Juliet jest naprawdę wyjątkowa, ponieważ wypełnia lukę między winem w pudełku a butelką. Klienci i sprzedawcy detaliczni postrzegają Juliet jako przyjazną dla klimatu, wygodną alternatywę dla butelkowanych win Super Premium, tak samo jak postrzegają ją jako ulepszenie tradycyjnych win w pudełkach, sprzedawanych w sprzedaży detalicznej po bardzo niskich cenach. W tym kontekście Eco-Magnum™ of Juliet jest wyceniony według wartości, ponieważ klient otrzymuje równowartość dwóch butelek wysokiej jakości, ręcznie robionego wina za 45.99 USD, które można przechowywać w lodówce do sześciu tygodni po otwarciu.

Ponieważ często organizujemy degustacje w sklepach na naszych obecnych rynkach detalicznych (Nowy Jork, Kalifornia, Floryda), zauważyliśmy, że konsumenta najpierw przyciąga projekt opakowania, a następnie jest pod wrażeniem jakości samego wina i zawsze jest zadowolony usłyszeć o korzyściach dla środowiska. W 9 ½ przypadków na 10 weszli do sklepu z zamiarem zakupu butelki wina za 20-30 dolarów i wyszli z Eco-Magnum™ of Juliet.

Czy przeniesiecie się na jeszcze większe formaty? Jeroboamowie? 😊

Juliet prowadzi pudełkową rewolucję winiarską, a my dopiero się rozkręcamy! Naszą misją jest uczynienie przemysłu winiarskiego bardziej zrównoważonym poprzez tworzenie pionierskich produktów, które są przyjazne dla środowiska bez uszczerbku dla jakości i wzornictwa. W tym duchu absolutnie rozważamy większe formaty, inne alternatywne style pakowania, więcej odmian i produkty z limitowanych edycji – wszystko, co pomoże odsunąć kulturę picia wina od szklanych butelek.
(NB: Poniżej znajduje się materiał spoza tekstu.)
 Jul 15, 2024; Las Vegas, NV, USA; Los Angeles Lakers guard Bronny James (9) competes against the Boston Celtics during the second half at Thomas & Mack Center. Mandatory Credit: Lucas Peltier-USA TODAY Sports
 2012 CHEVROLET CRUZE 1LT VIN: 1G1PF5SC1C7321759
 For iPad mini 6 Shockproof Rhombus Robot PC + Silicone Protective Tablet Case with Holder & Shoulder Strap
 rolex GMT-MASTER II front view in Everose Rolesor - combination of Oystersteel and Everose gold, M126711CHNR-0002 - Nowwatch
Już pracujemy nad niektórymi z tych ekscytujących innowacji, które zostaną wprowadzone na rynek w 2023 roku.

Co było największym wyzwaniem w stworzeniu, wprowadzeniu na rynek i sprzedaży nowej etykiety wina?
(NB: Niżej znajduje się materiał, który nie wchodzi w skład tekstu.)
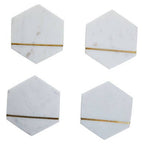 Sena Set Of Four White Marble Coasters - Joe’s Haven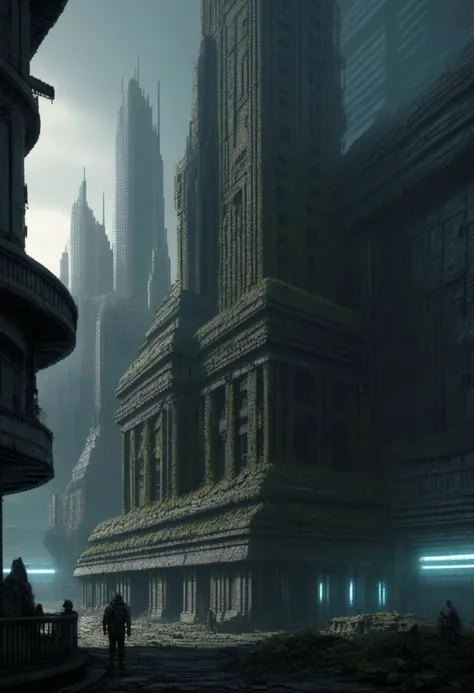 Futuristic cyberpunk ancient royal City, giant buildings, postapocalyptic, very detailed, hd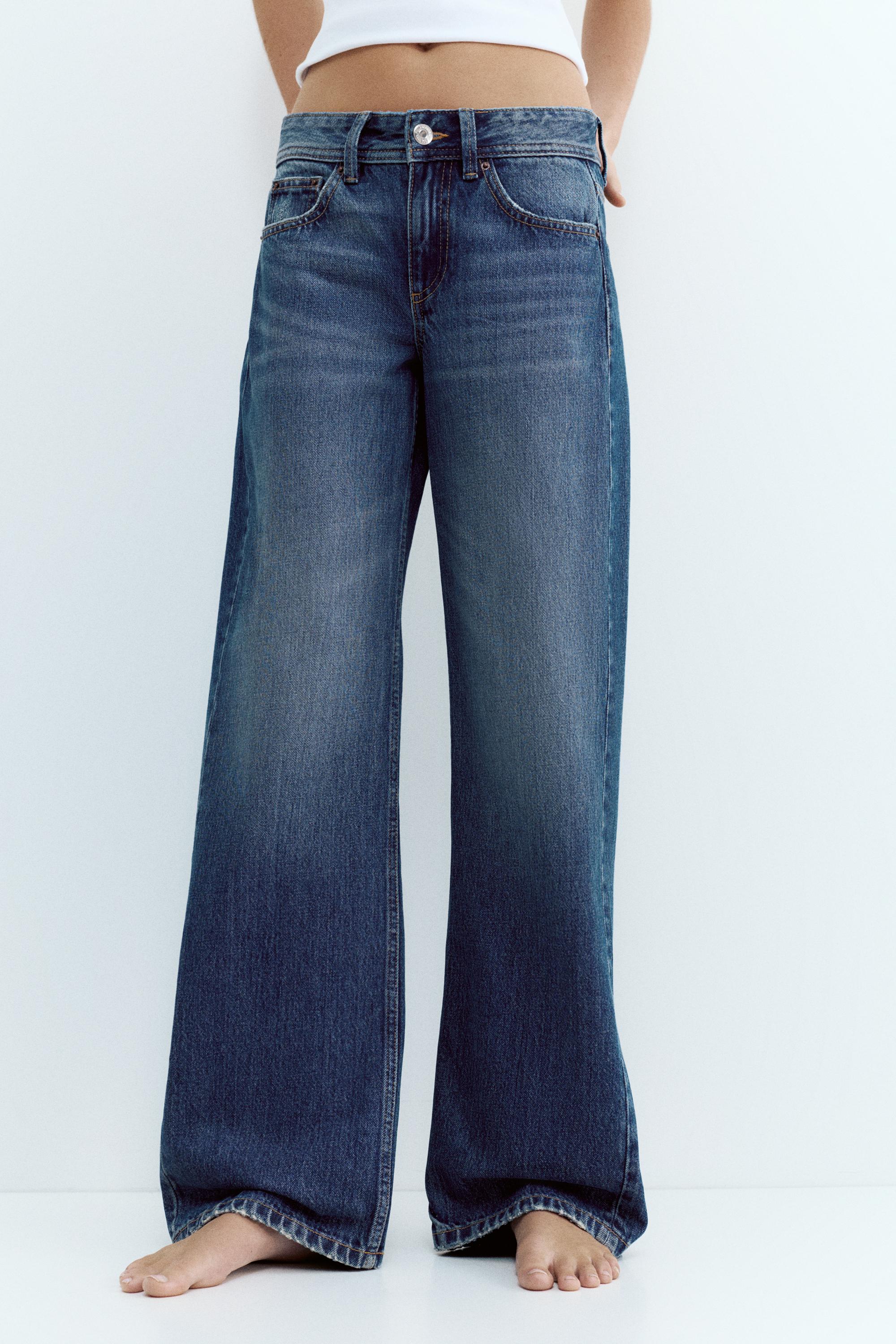 Low-rise straight-leg jeans — Dark blue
Naszym największym wyzwaniem było to, że nic takiego jak Julia nigdy wcześniej nie istniało, więc nie było żadnej ścieżki, którą można było podążać, musieliśmy wykuć własną. Julia była pomysłem, który mieliśmy w głowach i dzięki ciężkiej pracy, wytrwałości i kreatywnemu rozwiązywaniu problemów udało nam się go zrealizować.

Ekscytujące było obserwowanie, jak szybko konsumenci przyjęli tę koncepcję, nie tylko kupując Juliet, ale entuzjastycznie dzieląc się nią w mediach społecznościowych oraz ustnie do rodziny i przyjaciół.

Jak sfinansowałeś swój projekt? Podejmowałeś inwestorów, samofinansowanie, pracowałeś z rodziną i przyjaciółmi?

Aby sfinansować naszą działalność, zebraliśmy kapitał w rundzie zalążkowej, która objęła nadmierną liczbę subskrypcji, co obejmowało inwestycje od przyjaciół, rodziny, aniołów i funduszy. Potencjał Juliet został doceniony przez kluczowych inwestorów, w tym Jonathana Nemana (CEO i założyciela Sweetgreen) i Leora Kadisha Neman, Lauren Bosworth (CEO i założycielka Love Wellness), Dicka Costolo (byłego CEO Twittera), Kurta Seidenstickera (założyciela, Vital Proteins), Brooke Wall (założyciel The Wall Group) i Anderson Family Brands.

Jakieś rady dla innych przedsiębiorców, zwłaszcza kobiet, dotyczące zakładania firmy?

Zacznij od skupienia się na swoim „Dlaczego”. Upewnij się, że wiesz, jaką niezaspokojoną potrzebę zaspokajasz, jak radykalnie ulepszasz istniejącą ofertę produktów lub usług i określ grupę docelową, której chcesz służyć. Im bardziej skrystalizowana jest Twoja wizja, tym większe przekonanie i sukces odniesiesz w przekazywaniu jej innym i budowaniu wokół siebie społeczności (niezależnie od tego, czy będą to inwestorzy, pracownicy, konsumenci, subskrybenci, czy wszystkie powyższe).

Coś jeszcze chcesz dodać?

Juliet oferuje konsumentom styl, treść i trwałość w nieoczekiwanym miejscu: wino w pudełku. Dzięki bezkompromisowemu zaangażowaniu w zrównoważony rozwój, jakość i wzornictwo Juliet pokonuje negatywne piętno wina w pudełku i przekonuje stylowych, wpływowych ludzi do przyjęcia tego formatu po raz pierwszy. Koncentrując się na misji, skupiając się na zmniejszaniu śladu węglowego branży, Juliet jest marką definiującą kategorię, która zapoczątkowuje zmianę kulturową w codziennym piciu wina.